Та ночь прошла тяжелее, чем бессонная, и оставила меня потрясенной и лишенной сил, то есть в наихудшем состоянии для того, что мне предстояло. Ибо на следующую ночь, когда я еще не успела отдохнуть и прийти в себя, у меня начались схватки.
Все началось внезапно, без подготовки, как новость, доставленная тем моряком. Служанки со всех ног кинулись готовить родильный покой, кто-то послал за повитухами, весь дворец переполошился.
Я же, корчась от боли, едва смогла встать, чтобы меня отвели в предназначенное для приема родов помещение. Помню, что оперлась на двух повитух и едва их не повалила. Ноги мне не повиновались, а каждая попытка сделать шаг посылала по телу вниз, от живота к ступням, спиральные волны боли. Наконец меня поместили на специальный повивальный стул с очень низкими ножками и крепкой спинкой, застеленный простынями. Я откинулась и вцепилась в его бока, почти ослепленная приступами боли; они накатывали с такой частотой, что почти сливались воедино.
В подобном состоянии человек теряет реальное представление о времени: мгновения растягиваются и кажутся вечностью, а часы, напротив, сжимаются в минуты. Я понятия не имела, как долго пребывала в этом положении, но отчетливо помню донесшиеся до меня слова:
— Вид ее мне не нравится, к тому же…
Конца фразы и ответа расслышать не удалось, а потом раздался испуганный возглас:
— Пошлите за Олимпием! Живо!
Скоро (или не скоро, могу лишь сказать, что в комнате как будто потемнело) зазвучал голос Олимпия:
— Она что-нибудь принимала? Нет? Тогда…
Меня подняли, куда-то перенесли и положили спиной на ровное, жесткое ложе. Руки мои развели в стороны и крепко держали. Потом я почувствовала, как чьи-то руки надавливают мне на живот.
— Кровь!
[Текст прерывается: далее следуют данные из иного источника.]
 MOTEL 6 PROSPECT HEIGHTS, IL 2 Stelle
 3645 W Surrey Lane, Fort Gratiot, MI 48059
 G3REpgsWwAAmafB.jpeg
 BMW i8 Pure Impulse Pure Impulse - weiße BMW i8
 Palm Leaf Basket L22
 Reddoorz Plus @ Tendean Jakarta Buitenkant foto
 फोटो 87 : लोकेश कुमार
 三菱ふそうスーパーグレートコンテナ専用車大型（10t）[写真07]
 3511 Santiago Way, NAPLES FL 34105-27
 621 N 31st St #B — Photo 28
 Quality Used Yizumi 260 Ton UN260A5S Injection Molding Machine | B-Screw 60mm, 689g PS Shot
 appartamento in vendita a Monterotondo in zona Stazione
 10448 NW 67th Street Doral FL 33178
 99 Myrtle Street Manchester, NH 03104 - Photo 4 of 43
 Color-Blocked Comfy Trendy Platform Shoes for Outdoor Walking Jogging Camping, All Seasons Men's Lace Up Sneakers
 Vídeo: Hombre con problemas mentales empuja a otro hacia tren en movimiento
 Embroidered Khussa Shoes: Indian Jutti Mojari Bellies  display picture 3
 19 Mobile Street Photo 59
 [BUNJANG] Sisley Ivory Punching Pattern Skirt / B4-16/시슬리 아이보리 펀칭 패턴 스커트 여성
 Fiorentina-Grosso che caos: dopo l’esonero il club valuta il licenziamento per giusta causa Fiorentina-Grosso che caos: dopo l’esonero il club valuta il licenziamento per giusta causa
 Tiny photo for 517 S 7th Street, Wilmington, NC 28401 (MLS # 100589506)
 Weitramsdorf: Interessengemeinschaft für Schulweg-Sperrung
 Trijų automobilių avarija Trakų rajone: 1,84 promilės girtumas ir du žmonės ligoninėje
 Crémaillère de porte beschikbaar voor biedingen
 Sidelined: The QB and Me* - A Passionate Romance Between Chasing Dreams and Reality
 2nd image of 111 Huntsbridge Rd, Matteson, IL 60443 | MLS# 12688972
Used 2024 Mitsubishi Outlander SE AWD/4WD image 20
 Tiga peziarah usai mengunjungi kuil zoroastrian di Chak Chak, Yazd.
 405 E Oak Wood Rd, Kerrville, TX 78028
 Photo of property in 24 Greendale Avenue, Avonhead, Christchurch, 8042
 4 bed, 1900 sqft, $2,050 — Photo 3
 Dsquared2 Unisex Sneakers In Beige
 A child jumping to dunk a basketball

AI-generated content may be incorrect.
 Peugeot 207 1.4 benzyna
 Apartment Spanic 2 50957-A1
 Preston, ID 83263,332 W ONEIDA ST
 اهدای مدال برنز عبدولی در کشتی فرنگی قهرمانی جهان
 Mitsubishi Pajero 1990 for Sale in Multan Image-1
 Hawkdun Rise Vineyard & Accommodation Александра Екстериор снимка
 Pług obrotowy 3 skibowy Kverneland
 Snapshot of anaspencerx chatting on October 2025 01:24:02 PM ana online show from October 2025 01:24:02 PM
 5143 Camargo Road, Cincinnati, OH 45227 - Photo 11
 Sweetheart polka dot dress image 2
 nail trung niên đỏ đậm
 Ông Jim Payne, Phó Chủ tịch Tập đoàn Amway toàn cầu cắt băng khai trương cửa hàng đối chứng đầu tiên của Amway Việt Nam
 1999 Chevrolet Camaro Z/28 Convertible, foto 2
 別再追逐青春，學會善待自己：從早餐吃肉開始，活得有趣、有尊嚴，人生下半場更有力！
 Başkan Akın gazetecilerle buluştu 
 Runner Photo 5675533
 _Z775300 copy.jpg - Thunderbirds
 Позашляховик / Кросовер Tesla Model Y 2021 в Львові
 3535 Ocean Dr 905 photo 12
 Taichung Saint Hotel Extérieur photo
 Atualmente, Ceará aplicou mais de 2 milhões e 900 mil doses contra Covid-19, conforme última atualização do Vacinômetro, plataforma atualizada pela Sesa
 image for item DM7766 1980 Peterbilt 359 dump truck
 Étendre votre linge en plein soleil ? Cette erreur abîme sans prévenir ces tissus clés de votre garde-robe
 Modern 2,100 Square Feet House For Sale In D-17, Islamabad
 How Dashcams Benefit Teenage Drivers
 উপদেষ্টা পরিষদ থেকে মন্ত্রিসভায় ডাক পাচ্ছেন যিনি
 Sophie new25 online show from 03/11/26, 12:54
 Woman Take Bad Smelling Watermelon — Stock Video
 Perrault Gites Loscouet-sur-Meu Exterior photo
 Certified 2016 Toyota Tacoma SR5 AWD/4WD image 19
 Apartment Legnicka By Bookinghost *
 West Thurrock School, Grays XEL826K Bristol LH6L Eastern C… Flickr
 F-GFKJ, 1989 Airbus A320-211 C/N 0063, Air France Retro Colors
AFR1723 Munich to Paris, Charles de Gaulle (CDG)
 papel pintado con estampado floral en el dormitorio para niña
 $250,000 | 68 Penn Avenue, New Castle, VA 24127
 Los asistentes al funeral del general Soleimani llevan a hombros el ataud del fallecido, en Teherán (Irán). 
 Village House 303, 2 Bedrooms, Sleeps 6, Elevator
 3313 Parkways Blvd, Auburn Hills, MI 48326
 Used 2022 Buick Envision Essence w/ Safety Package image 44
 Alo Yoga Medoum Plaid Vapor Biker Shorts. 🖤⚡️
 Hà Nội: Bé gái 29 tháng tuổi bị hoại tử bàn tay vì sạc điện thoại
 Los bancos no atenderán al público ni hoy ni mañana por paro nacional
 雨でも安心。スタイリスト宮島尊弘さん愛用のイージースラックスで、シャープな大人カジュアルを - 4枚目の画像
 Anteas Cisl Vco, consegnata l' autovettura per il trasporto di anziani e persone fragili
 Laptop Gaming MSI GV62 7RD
Кровь! — В голосе слышалась паника.
— Тяни! — крикнул кто-то.
— Я не могу, — откликнулся другой голос. — Он неправильно повернут.
— Так поверни правильно! — На сей раз приказывал Олимпий. — Поверни!
Теперь я почувствовала, как подо мной растекается что-то теплое и липкое. Кровь. Повернув голову, я увидела, как она, очень густая и красная, капает со стола и образует лужу внизу. Запах был мерзкий, отдающий железом.